The game certainly was indeed more competitive than competent. Not that it took inordinate perception beforehand to figure that’s how it would play out.

UK rushed 32 times for a grand total of 35 yards. That’s Atherton H.S. territory, football fans. As battered as U of L’s offensive line has been, UK’s is worse. They couldn’t open holes. They six sacks.

Kentucky couldn’t close on too many drives in the first half. They seemed to dominate the first quarter, yet trailed 3-7 when it ended.

Louisville was far from perfect in victory. They were penalized 83 yards. Several of the infractions could have cost them the game. Roughing flags against Dexter Heyman and William Savoy were especially needless. False starts by Hector Hernandez showed he’s still got much room for improvement. A hand to the face penalty on Adrian Bushell on UK’s last drive. Hakeem Smith’s interference in the end zone, giving UK new life on its last scoring drive.

Scott Radcliffe dropped what should have been a sure TD pass.

Even the zebras made a mighty blunder. Shouldn’t UK have been penalized on that whistle from the stands play?

* * * * *

But the Cardinals did do a lot more right than the Wildcats.

Teddy Bridgewater showed unexpected presence in his first extended action in his first game away from home. 10/18 in the air and two marvelous TD tosses. His throw to Radcliffe was also right on the mark. He is The Future, and the future is closer to now than we might have thought.

Dominique Brown emerged as a real offensive threat.

The D Line dominated.

The D secondary gave up no long balls. Kentucky’s big gainers were on the screens one would expect against Louisville’s aggressive, gambling defense.

* * * * *

I am loathe is give credit to my friend David, with whom I watched the game with others. But, in an unexpected turn, he actually made two really astute observations last night. He asked if I was going to give him his due today. So I shall.

He railed against Louisville’s use of prevent D at the end of the first half, after the Cards had gone up 14-3. He was absolutely correct. It allowed UK some hope heading to the locker room, as the Cats drove down the field, cutting the deficit to four.

He was right again at the end of the game, with the Cards celebrating on the sideline, the W virtually assured when Morgan Newton’s last toss sailed out of bounds, and U of L needed to just to take a knee to close the deal. He said Strong should put Will Stein in the game to take the snap, even though he’d been sidelined since early in the 2d quarter with a shoulder injury.

“How stupid,” thought and said I, “why put in a guy who is hurt?”

Charlie Strong agreed with David. It was obviously the call.

* * * * *

Where do the teams go from here?

For Kentucky, it appears all downhill.

Up next are Florida, LSU and South Carolina. Which puts the Cats 2-4 at their mid-season breather with Jacksonville State. The only arguable “sure win” after that is Ole Miss. (Former Cardinal Zack Stoudt threw it 69 times in the Rebs’ 7-30 L to Vandy yesterday.
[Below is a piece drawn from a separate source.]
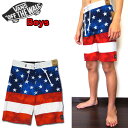 バンズ 水着 キッズ VANS サーフパンツ BOYS ERA BOARDSHORT American Flag 子供 ボードショーツ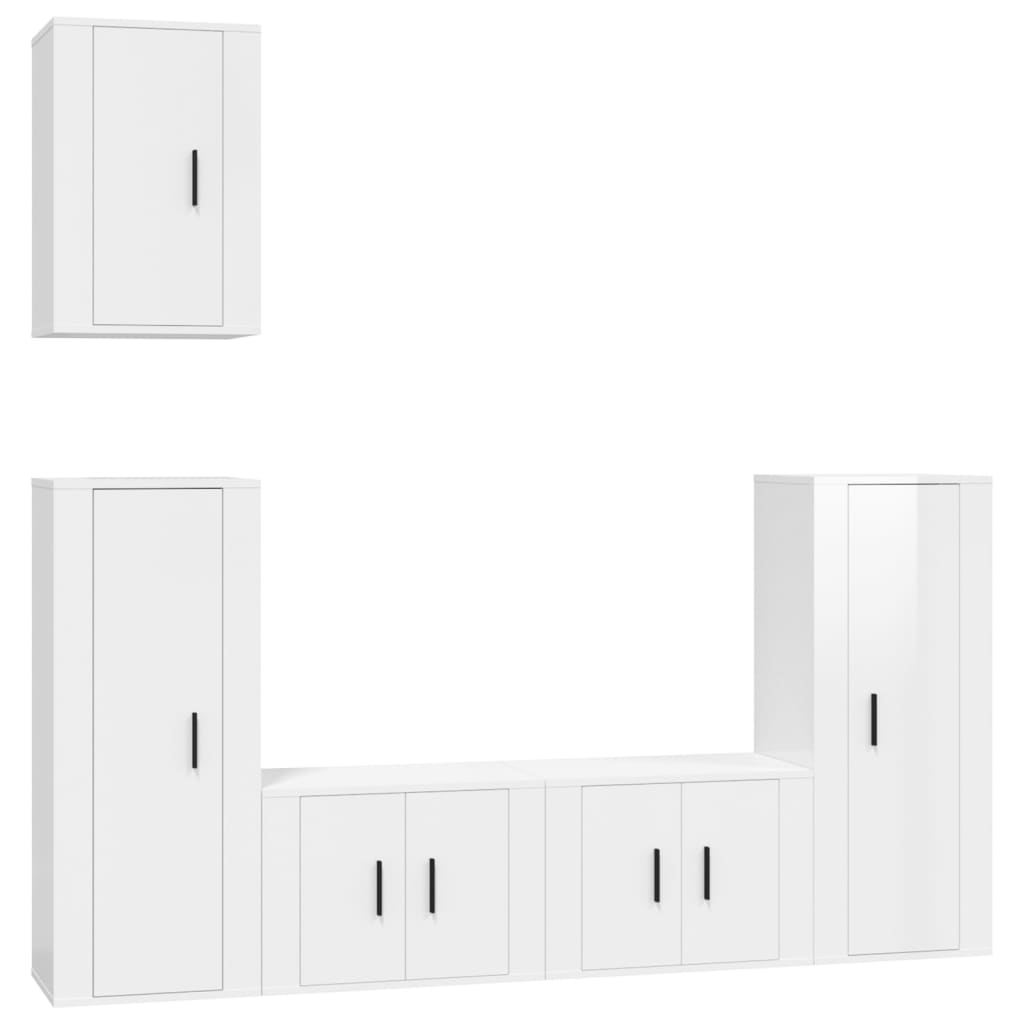 Set di Mobili Porta TV 5 pz Bianco Lucido in Legno Multistrato - homemem39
Five of them were completed to Commodores.) A final 4-8 record is eminently possible.

With a week off, U of L’s future remains a question mark. (Both on the field and off.) While beating UK, its biggest rival, is sweet, a good football team it does not make. Kentucky simply is not much.
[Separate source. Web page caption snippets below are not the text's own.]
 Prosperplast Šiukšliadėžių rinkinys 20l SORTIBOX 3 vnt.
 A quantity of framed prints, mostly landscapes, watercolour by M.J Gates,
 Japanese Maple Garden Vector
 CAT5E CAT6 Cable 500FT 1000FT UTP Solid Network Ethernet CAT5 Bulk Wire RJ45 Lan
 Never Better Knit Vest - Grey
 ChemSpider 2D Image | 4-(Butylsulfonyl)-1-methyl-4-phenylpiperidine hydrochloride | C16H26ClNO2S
Who knows what’s going to happen in the squiggly Big East? Carolina isn’t as shaky as it seemed it might be with the off season turmoil.
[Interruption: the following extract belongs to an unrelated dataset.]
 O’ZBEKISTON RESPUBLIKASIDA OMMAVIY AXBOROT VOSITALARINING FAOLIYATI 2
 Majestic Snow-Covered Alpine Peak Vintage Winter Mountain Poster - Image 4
6-6 is all this edition of the Cards can legitimately aspire to. If Louisville gets there, it will have been a truly successful campaign.

The future remains bright for U of L. Hopefully it will be in a conference that plays football that matters.

– Seedy K

One Comment

  1. doug
    Posted September 20, 2011 at 10:18 am | Permalink

    Quick story regarding “stronger”:
    Prior to fall practice in 2010, myself and 2 other were lucky enough to have lunch with Coach Strong and strength coach Moorer. Coach Strong rave about Moorer’s ability to strengthen his teams.
    Coach Moorer made the comment that he felt sorry for the 26 seniors to be in 2010 because they would physically “never know what a real football player should look like”.
    As I watched the game Saturday night, I was more than impressed with the strength of our line play on both sides of the ball. Our team is in great hands.